Even the question of this blockade—in writing to friends back home, they want to know if the letters came over the airlift. And it is true that a new pilot coming to Germany went to the Air Force transportation desk and asked for a rail ticket to Berlin, where he wanted to spend his furlough.
Germans I have talked with have been surprised and hurt when an artist like Gieseking is not allowed to perform in New York, or when a Furtwängler is banned in Chicago. I do not know the details nor the merits of these cases. But it is the result of about fifteen years of fear, distaste, and finally fighting what Germany under the National Socialists stood for. As you found out and as others are now finding out, dictatorship has a smell that soils everything it touches, even art.

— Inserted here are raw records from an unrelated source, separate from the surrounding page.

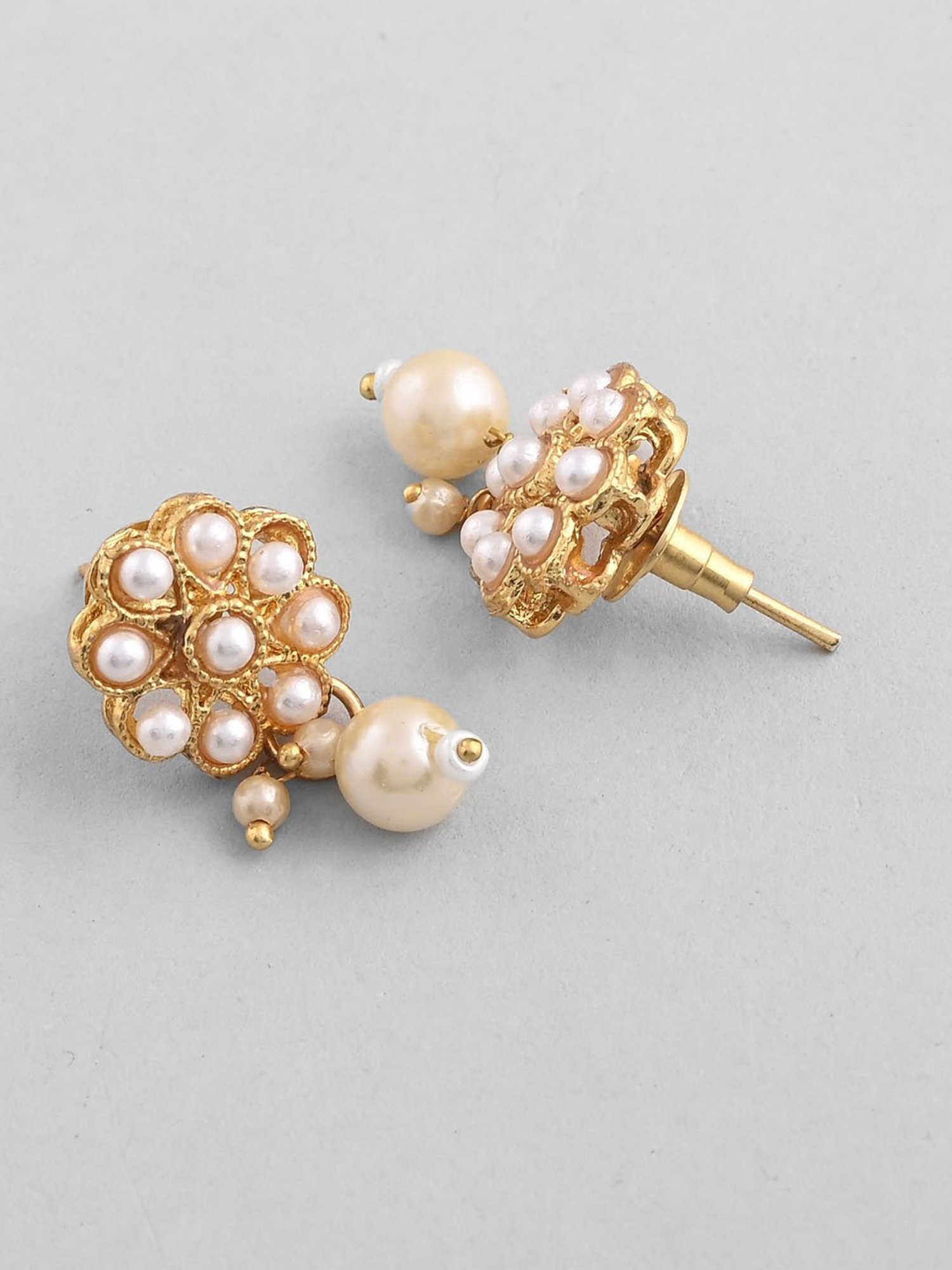 VOJ Gold Plated Pearl Studded Floral Necklace and Earrings for Women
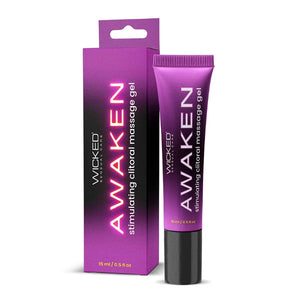 Wicked Awaken stimulating clitoral gel in a slim pink and black tube on white background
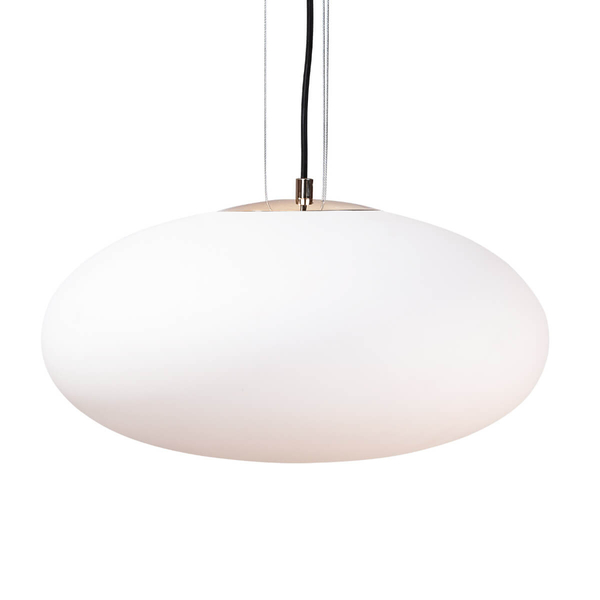 Jadalniana lampa szklana Omi 1181 Zumaline owalna nad stół biała złota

It is a long time wearing off.
So in this respect, the problem of the reconstruction of Germany is a moral one. What the ordinary people of the world want from Germany is assurance that never again will she bring war to an already battered civilization.
In America particularly, we live under the assumption that, if you tell enough people the truth in a free and democratic society, the truth will prevail. This kind of society, we feel, should be directed by the people operating their own government through free elections. That is the kind of government we hope that the reconstituted Germany will have. We figure it is the safest and the best for all concerned.
It has been the policy of the American military government that democracy cannot operate in a vacuum. Thus we have been promoting the establishment of a free German government so that Germans can get experience in running themselves.
The governments of the Länder have been operating smoothly and successfully in most cases. But the kind of experience and practice that we talk about is demonstrated in situations like this:
(1) Military government attempts to establish a hunting law to make it a popular sport for everyone met opposition in Bavaria. Baron Wolfgang von Beck, head of the state hunting department, resigned because "the law would make a cheap business of what used to be a sport of recreation."I do not contend that military government policy is always right. But right or wrong, the main job of the moral reconstruction of Germany must lie with the Germans. We say that the best and fastest road to this reconstruction lies down the free highway of democracy. Already great progress is being made by you.
(2) In Württemberg-Baden, a recent study of police procedures in making house searches found that out of 10,651 recently conducted, only 81 were supported by warrants. This despite the fact that the Land constitution says that private homes are inviolable and searches only can be conducted by court order under code of criminal procedure.
Democracy, here and in the United States, needs a lot of improving before it becomes perfect. It is a full time job that all men must work at in order to remain free.